Not much, to be sure. New Jersey waves are small
and variable compared to the powerhouses that approach
the West Coast.
But the test buoy makes enough power to run its onboard
computer and other systems, and to send periodic progress
reports to its manufacturer, Ocean Power Technologies
of Pennington, N.J.
OPT is headquartered near the Princeton home of co-founder
George W. Taylor, a 74-year-old engineer who learned
the power of waves as a young surfer growing up in
Australia.
Taylor considers his Jersey buoy a showcase of the
potential for wave "farms" _ clusters of buoys moored
off the more vigorous coasts of the world, pumping
electricity ashore via underwater cables.
Indeed, ocean energy is "probably the last of the
large natural resources not yet investigated for producing
electricity in the United States," according to a
report from the nonprofit Electric Power Research
Institute.
While the technology is still in its infancy, the
report predicts ocean energy could be among the most
environmentally benign generation methods yet developed.
The vast bulk of the world's energy, of course, is
produced using coal, oil, natural gas, nuclear or
hydroelectric power, each of which poses serious environmental
risks.
The least harmful sources are solar, wind, geothermal
and what can be called "hydrokinetic" _ electricity
generated from waves or directly from the flow of
water in ocean currents, tides or inland waterways.
Roger Bedard, the institute's ocean energy expert,
says the potential for getting power from waves and
tides is "significant."
It could generate the equivalent of 10 percent of
the nation's current power needs, says Bedard, who
maintains this is no pie-in-the-sky figure but one
that already accounts for inefficiencies and practicalities.
Europe is far ahead of the United States, although
proposals here have been mounting.
In 2005 and 2006 combined, the Federal Energy Regulatory
Commission issued just four preliminary permits for
hydrokinetic projects.

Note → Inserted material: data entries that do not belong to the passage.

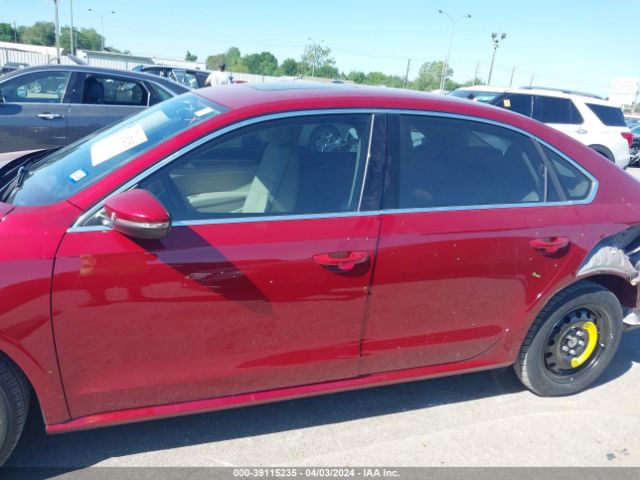 1VWBA7A36JC032956 Volkswagen Passat 2.0t Se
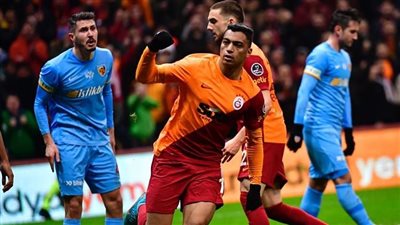 مصطفى محمد على دكة بدلاء جالاتا سراي أمام أنطاليا في ختام الدوري التركي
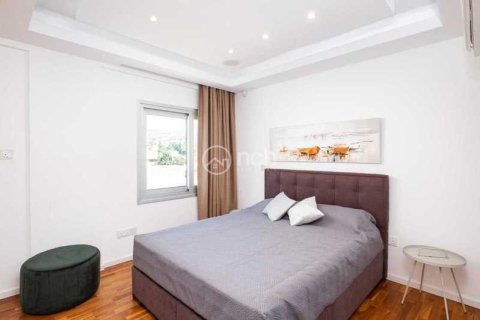 3 bedrooms Apartment in Agios Tychonas, Cyprus No. 40644 9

That number rose to 33 in 2007,
and 77 so far this year.
The three-year permits are intended to allow companies
to do needed studies and planning. But so many companies
have used them to, in effect, reserve vast swaths
of ocean for themselves that the agency insisted on
more project specifics and began to scrutinize them
more strictly, spokeswoman Celeste Miller says.
Most of the permits have been for projects harnessing
river flows _ chiefly along the Mississippi and several
Alaskan waterways. On the East Coast, one company
has been experimenting with turbines off Manhattan.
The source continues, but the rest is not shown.